Fate/Imaginary Boundary【日本史fateホロウ】   作:たたこ

32 / 84
昼⑦ 碓氷と土御門と榊原

 以上の顛末を以て、明はセイバーズに助けられつつ碓氷の屋敷に戻ってきたそうだ。

 

「だから、今刺し傷とかガンドによる体調不良が尾を引いてて具合が悪いんだよ。……明日には大分元に戻っていると思うけど」

 

 明はまた大きなため息をついた。大したことではない、と事実を述べて、さらに父へのコメントもないあたり、彼女にとっては当たり前なのだ。珍しいロングスカートに夏の長袖も、理子や一成相手に傷を見せる気がなかったからだろう。

 

 一成はどうコメントすればいいかわからず、黙って頷いていた。

 だが、気になる事もある。

 

「……俺、もしかして帰った方がいいか。お前寝てた方がいいんじゃね」

「……んー、話してるだけなら平気だし。なんか聞きたいことありそうだけど、応えられる範囲なら応えるよ」

 

 碓氷の魔術についてならばさらっと表面を撫でる程度の説明に限るけど、と付け足して明は一成を促した。

 

「じゃあ聞くけど、お前のお父さんって何者?」

「……さっきの話の中でもう言ったけど、魔眼持ちの魔術師。
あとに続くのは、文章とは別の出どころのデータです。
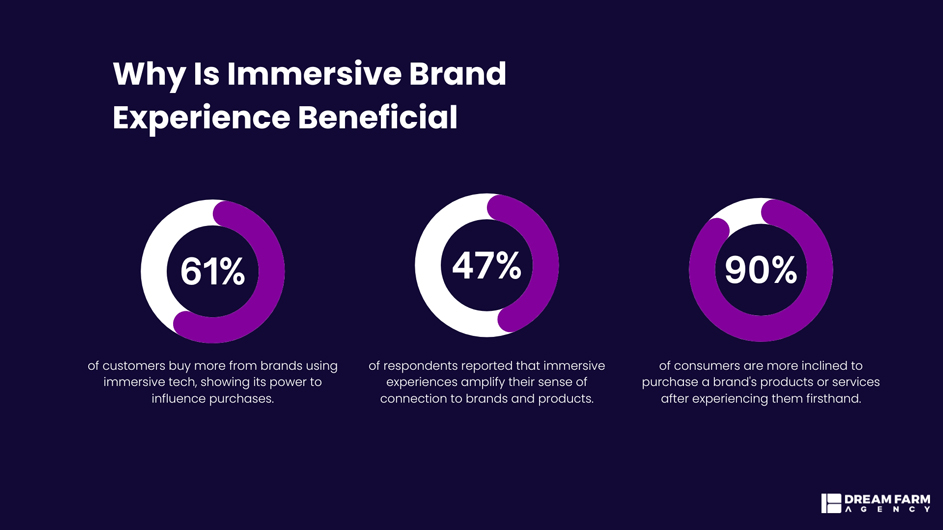 Immersive-Brand-Experience-Beneficial-infographic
私に対しては特攻持ってるの?ってくらいに強いけど、元々戦闘向きではないよ」

 

 碓氷家の魔術特性は「分解」。分解は破壊ではなく、ひとつのものを要素や部分に分けていくことである。そこから「分析・解析」――要素や部分を分けた後に構成を解明していくこと――へ通じた魔術師が碓氷影景である。
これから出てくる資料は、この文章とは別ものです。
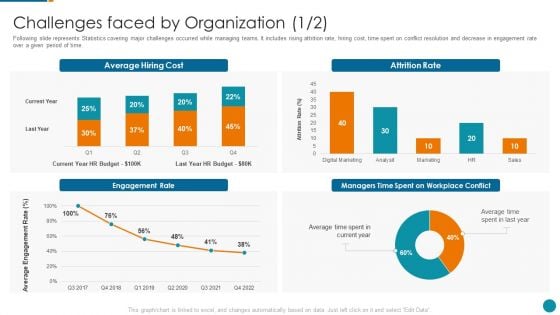 Strategic Procedure To Improve Employee Efficiency Challenges Faced By Microsoft PDF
 この性質は碓氷の家の魔術としてもおあつらえ向きの体質で、彼は他の流派でも呪術でも一度見れば大抵は見抜いてしまうのだが、悪く言えばそれだけなのだ。

 

 例えば一流の短距離ランナーがどうしてそれほどまでに速く走れるのか理屈で説明ができても、自分がそのランナーと同等に走れるようにはならないのと同じで、冠位や封印指定魔術師の絡繰りを見抜いても彼らに勝てるわけではない。むしろ明の方がよっぽど戦闘に向いている。

 

 しかし影景が明に対してめっぽう強いのは、明は生まれた時から影景の分析下にあり続けているからである。魔術回路の特質、詠唱の過程、魔術と魔力の性質――それを明本人よりも熟知している。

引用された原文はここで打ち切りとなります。